3.2.2 Pseudo groundtruth selection
After computing both SCM and mSCM statistics of input mixtures, we reorganize all the statistics and speech signals that related to each unlabeled input mixture in a new data tuple format to facilitate the pseudo groundtruth selection. As shown in Fig. 2A, we call each data tuple as a “separation consistency information (SCI)” tuple, and it is organized as:
$$\begin{aligned} \texttt{SCI}= \{ \texttt{ID, SCM, mSCM, Mix, Sep1, Sep2}\} \end{aligned}$$
(4)
where ID is the mixture ID, Mix is the input mixture speech signal, Sep1 and Sep2 are the two individual speech signals that separated by DPCCN. With these SCI tuples, we then perform the pseudo groundtruth selection in two ways:

CPS1: Select SCI pairs with SCM value lies in the top \(p\%\)SCM range, \(p\in [0,100]\).

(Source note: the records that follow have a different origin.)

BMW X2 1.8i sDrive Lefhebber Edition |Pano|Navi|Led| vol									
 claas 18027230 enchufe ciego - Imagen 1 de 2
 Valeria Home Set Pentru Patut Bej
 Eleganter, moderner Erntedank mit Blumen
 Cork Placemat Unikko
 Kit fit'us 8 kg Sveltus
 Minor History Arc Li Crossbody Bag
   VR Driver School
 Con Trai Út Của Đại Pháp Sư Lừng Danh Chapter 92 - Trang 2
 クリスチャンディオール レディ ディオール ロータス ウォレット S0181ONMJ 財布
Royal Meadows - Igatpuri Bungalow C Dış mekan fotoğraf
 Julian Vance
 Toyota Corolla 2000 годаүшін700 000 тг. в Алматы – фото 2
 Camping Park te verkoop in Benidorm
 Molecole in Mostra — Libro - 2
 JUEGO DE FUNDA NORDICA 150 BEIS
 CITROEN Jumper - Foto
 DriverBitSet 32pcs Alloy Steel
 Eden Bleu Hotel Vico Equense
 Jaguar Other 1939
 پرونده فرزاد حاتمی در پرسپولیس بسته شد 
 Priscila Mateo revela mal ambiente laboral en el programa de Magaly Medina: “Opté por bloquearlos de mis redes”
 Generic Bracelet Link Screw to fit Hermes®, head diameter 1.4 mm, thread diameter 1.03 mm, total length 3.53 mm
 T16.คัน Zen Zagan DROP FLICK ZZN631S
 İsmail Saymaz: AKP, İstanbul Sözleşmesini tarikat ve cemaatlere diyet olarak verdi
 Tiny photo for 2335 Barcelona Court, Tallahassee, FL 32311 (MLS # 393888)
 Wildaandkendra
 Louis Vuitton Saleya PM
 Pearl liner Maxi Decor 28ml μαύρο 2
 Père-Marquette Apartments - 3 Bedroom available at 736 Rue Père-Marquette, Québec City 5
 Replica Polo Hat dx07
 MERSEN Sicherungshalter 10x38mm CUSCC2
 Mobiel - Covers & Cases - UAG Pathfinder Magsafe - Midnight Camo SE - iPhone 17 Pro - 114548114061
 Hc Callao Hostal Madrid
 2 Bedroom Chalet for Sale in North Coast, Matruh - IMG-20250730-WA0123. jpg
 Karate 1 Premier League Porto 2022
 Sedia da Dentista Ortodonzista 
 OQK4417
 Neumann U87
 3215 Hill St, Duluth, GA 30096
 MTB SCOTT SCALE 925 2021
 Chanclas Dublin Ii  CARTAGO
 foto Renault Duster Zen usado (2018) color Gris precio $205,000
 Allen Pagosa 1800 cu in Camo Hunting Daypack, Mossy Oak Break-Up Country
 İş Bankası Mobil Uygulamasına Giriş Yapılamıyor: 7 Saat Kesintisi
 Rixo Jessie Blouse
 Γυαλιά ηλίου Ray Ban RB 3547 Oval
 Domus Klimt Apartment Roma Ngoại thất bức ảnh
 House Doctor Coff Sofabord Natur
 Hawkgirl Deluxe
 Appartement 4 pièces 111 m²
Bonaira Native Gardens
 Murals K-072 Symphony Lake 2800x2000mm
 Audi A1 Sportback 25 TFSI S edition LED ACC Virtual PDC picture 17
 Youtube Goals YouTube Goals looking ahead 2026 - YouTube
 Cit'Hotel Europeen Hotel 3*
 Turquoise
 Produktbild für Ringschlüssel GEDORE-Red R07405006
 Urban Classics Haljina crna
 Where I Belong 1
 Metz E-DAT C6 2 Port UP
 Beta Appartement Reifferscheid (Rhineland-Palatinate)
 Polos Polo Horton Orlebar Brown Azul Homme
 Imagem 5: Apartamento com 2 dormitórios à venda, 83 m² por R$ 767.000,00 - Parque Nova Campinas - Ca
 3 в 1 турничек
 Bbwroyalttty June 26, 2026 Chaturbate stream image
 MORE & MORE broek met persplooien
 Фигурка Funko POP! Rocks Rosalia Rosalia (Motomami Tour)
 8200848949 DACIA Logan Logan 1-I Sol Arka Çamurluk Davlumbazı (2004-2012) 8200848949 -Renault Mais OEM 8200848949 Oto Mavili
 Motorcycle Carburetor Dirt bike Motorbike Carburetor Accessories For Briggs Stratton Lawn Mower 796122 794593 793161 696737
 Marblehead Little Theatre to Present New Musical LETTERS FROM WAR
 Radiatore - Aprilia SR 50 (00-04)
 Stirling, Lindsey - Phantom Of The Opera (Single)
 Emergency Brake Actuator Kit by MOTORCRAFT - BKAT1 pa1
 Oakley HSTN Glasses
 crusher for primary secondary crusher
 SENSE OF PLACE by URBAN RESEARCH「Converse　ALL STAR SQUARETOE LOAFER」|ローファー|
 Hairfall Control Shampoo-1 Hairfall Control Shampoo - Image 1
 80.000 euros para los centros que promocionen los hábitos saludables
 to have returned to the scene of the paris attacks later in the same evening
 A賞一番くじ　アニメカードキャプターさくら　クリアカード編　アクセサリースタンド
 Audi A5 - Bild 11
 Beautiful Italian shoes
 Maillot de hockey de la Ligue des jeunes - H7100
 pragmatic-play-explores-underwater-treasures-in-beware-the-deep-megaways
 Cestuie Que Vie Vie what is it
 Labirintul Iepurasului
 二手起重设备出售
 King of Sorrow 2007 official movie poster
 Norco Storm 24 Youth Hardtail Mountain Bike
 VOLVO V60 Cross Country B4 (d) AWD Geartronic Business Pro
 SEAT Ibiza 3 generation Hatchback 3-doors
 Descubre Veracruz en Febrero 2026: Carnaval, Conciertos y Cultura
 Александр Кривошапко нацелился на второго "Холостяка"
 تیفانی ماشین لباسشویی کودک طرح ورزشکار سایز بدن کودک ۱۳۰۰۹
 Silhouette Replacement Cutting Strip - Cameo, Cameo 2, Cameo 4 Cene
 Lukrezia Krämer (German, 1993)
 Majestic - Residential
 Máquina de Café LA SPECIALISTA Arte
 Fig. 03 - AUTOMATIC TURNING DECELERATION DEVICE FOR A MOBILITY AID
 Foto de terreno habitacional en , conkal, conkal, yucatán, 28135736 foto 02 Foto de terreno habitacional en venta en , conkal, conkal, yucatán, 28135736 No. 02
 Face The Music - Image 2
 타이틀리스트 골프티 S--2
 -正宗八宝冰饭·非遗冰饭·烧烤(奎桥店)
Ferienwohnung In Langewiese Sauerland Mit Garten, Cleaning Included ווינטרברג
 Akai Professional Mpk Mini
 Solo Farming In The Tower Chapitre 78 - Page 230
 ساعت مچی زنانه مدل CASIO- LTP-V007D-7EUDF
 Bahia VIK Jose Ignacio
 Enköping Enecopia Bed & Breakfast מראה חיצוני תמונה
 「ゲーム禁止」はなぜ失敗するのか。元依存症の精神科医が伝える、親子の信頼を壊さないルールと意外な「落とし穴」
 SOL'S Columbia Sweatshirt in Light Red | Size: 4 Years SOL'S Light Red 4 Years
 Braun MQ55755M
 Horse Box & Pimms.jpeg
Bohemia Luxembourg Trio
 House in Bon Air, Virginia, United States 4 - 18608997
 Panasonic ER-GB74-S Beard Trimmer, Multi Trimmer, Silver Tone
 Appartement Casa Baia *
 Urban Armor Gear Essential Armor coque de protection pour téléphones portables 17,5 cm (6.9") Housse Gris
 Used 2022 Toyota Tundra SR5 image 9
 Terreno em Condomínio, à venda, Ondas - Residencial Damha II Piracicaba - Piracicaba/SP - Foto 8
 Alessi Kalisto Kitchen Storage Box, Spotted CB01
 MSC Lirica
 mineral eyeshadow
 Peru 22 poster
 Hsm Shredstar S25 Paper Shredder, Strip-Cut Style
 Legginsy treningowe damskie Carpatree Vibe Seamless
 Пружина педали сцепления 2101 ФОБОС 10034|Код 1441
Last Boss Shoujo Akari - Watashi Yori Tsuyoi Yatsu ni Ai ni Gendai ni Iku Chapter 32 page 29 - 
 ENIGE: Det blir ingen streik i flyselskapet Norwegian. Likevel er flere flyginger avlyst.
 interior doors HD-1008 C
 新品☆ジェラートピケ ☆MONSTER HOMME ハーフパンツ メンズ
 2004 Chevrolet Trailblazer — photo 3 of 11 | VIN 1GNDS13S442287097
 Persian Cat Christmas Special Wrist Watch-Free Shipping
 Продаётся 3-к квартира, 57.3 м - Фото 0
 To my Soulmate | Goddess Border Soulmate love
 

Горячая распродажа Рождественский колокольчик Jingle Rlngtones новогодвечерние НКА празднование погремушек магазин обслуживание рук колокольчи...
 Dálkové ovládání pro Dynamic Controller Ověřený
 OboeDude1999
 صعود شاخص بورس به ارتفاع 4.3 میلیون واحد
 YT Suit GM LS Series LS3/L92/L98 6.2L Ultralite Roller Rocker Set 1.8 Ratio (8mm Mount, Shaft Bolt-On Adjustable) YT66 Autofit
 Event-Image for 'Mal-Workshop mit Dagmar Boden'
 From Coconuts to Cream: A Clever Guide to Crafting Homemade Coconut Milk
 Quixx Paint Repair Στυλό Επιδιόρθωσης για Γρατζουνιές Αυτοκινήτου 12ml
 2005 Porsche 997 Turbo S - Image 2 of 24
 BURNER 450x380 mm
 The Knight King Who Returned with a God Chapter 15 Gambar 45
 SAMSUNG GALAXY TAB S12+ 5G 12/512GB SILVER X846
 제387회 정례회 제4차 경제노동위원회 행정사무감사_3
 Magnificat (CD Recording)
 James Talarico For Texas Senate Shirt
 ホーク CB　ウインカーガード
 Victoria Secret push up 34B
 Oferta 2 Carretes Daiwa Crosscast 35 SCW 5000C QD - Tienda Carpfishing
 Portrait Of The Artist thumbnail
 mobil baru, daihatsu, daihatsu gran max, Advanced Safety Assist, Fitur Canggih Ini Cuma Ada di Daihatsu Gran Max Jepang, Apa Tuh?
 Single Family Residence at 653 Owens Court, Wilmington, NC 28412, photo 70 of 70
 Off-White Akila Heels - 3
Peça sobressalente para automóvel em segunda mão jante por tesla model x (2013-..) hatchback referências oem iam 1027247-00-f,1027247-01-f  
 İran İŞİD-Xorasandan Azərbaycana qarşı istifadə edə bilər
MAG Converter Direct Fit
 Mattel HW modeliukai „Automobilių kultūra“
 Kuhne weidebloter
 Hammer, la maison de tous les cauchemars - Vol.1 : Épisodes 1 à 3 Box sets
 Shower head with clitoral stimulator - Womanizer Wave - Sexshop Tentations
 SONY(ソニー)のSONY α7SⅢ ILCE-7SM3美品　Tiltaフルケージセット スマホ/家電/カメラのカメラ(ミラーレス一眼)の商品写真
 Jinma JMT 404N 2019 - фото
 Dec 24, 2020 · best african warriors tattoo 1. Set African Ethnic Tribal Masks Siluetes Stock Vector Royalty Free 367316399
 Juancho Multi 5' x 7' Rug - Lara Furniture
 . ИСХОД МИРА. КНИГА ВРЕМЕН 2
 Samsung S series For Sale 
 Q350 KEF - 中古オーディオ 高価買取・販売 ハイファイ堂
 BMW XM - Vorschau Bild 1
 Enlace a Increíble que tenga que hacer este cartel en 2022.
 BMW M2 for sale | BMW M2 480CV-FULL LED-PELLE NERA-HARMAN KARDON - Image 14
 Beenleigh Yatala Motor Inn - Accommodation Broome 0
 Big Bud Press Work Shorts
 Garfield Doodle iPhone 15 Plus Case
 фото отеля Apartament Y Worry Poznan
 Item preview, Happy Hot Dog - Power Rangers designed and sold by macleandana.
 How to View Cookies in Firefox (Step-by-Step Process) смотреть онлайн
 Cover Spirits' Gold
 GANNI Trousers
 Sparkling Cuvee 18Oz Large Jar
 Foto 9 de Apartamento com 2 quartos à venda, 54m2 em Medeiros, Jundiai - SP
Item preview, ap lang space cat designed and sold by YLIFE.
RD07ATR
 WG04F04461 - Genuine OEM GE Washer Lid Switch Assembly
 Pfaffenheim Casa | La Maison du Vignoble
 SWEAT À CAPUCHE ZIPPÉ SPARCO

CPS2: Select SCI tuples with the following constraint:
$$\begin{aligned} {\texttt{SCI}}_s = \left\{ {\texttt{SCI}}_k \mid ({\texttt{SCM}}_k > \alpha ) \cap ({\texttt{mSCM}}_k < \beta ) \right\} \end{aligned}$$
(5)
where \(k = 1,2,...,N\), \({\texttt{SCI}}_s\) and \({\texttt{SCI}}_k\) are the selected SCI tuples and kth SCI tuple, respectively. \(\alpha\), \(\beta\) are thresholds for SCM and mSCM, respectively.
No matter for CPS1 or CPS2, the separated signals, Sep1 and Sep2, in all the selected SCI tuples will be taken as the high confidence pseudo groundtruth for their corresponding mixture Mix. Then the selected mixtures with pseudo groundtruths are taken to form the “DPseudo Labeled Set” (pseudo groundtruth that produced by DPCCN) for further separation model adaptation. As discussed in the definition of mSCM, compared with CPS1, perhaps CPS2 is better at dealing with the difficult separation cases to some extent.
3.3 Heterogeneous Knowledge Fusion
The heterogeneous knowledge fusion (HKF), illustrated in Fig. 2D is used during the crossknowledge adaptation in SCT2 and SCT3. HKF is a very simple operation just by replacing Sep1 and Sep2 in the selected SCI tuples of Fig. 2A with the outputs of the adapted ConvTasNet as in SCT2 and SCT3. We use \(v_n^{i'}\) to represent the ith individual signal of nth mixture separated by the adapted ConvTasNet. The updated new data tuples \(\{\texttt{Mix, Sep1, Sep2}\}\) are then picked to form the “TPseudo Labeled Set” (pseudo groundtruths that produced by ConvTasNet). By doing so, the complementary information between the prior knowledge of separation consistency information that captured in the CPS block and the adapted ConvTasNet are subtly integrated to further refine the primary DPCCN.